The Death of Justice

"I am not admitting to something I did not do" Michael O’Brien

It is a modern day tale of David and Goliath; of one man’s quest to clear his name taking his fight to the highest courts in the land and creating legal history.

In his own words Michael O’Brien tells his moving story of how he was imprisoned for a crime he didn’t commit - the Cardiff Newsagent Murder during the 1980s. The book reveals the trauma and heartache he suffered whilst in prison and how he learnt to cope.  During the eleven years he not only the lost his freedom and youth but also members of his family including the tragic death of his daughter and step-father.

Death of Justice  uncovers the shocking story of how police incompetence and scapegoating result in three innocent men being convicted and the catalogue of mistreatment during their time in prison. It is also details how Michael O’Brien taught himself law and successfully took two Home Secretaries Michael Howard and Jack Straw to court, a governor from HMP Longlartin, how he won his appeal and eventual release and the largest payout in legal history.

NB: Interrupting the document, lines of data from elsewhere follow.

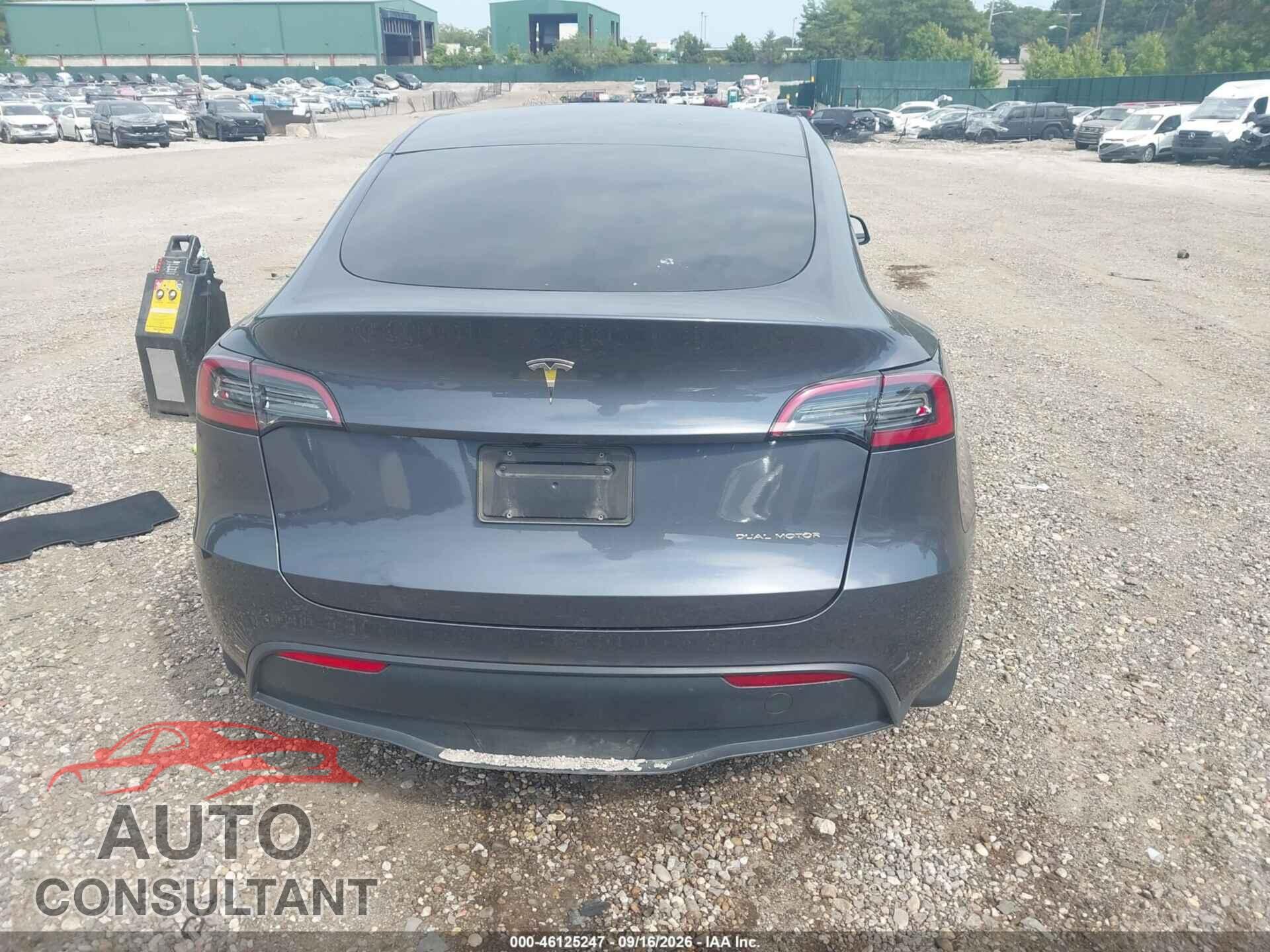 TESLA MODEL Y 2023 - 7SAYGAEE0PF932240
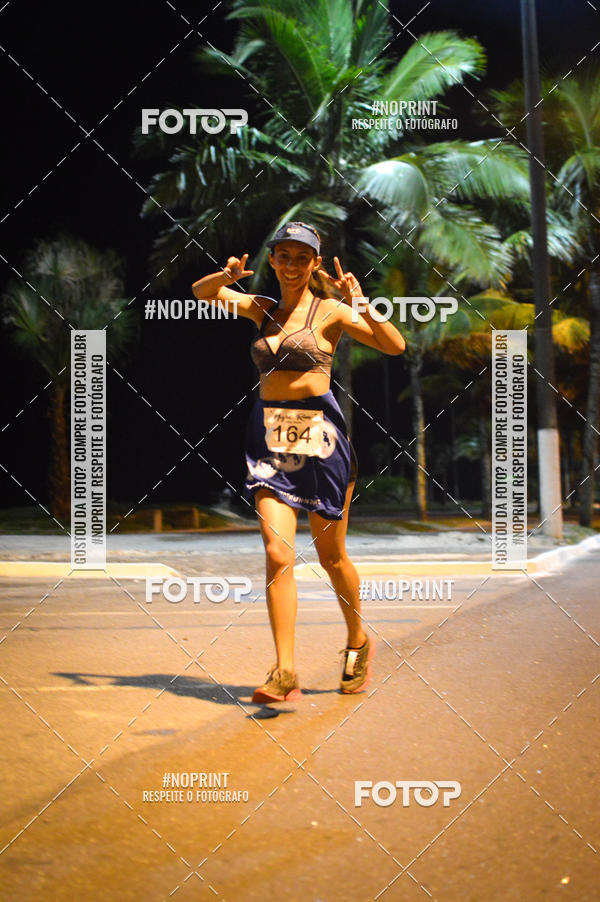 Buy your photos of the eventNight Run 5K 10K Praia Grande on Fotop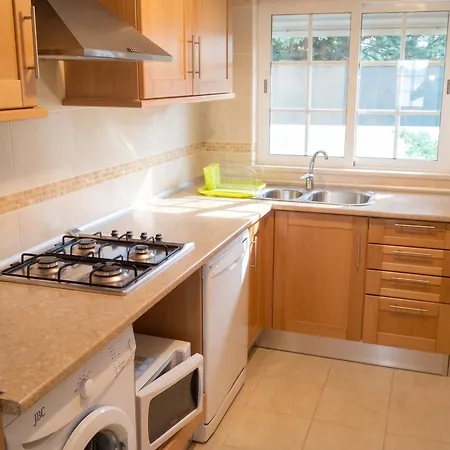 Welcoming In 80 M² With Shared Pool Apartman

Gareth Pierce, a leading human rights lawyer writes in her thought- provoking forward:

"A total death of justice. For the victim, what does that mean, what does it feel like hour by hour, day by day?  None of us know who have not had it happen to us.  Is it like being buried alive, conscripted into a regime?  Is it to fell, day by day, that you are a dead man walking? An how does that fit. How does any human being deal with finding himself alive, but dead to the world, where he is intended to remain possibly for the rest of his life?"

Michael O’Brien now lives in Cardiff with his partner and family and continues to support people who face similar legal battles.

An exclusive programme on the Michael O’Brien story was broadcast on the current affairs programme Wales This Week, 8pm, 1st September 2008. 

Key dates

9th July 1999  Michael O ‘Brien made legal history by winning a case to allow  inmates access to journalists following a legal battle with two Home Secretaries, Michael Howard and Jack Straw and the Prison Governor of HMP Long Lartin

17th December 1999 the Cardiff Three had their name cleared by the Court of Appeal.  The case again made legal history in relation to expert evidence on confessions, now referred to as the O’Brien test.

Michael O’Brien took the Home Office compensation assessor Lord Brennan to the Court of Appeal forcing a break down of the compensation awards in 2003.

In 2006 Michael O’Brien was awared the largest payout in British legal history from a police force for mailicious prosecution.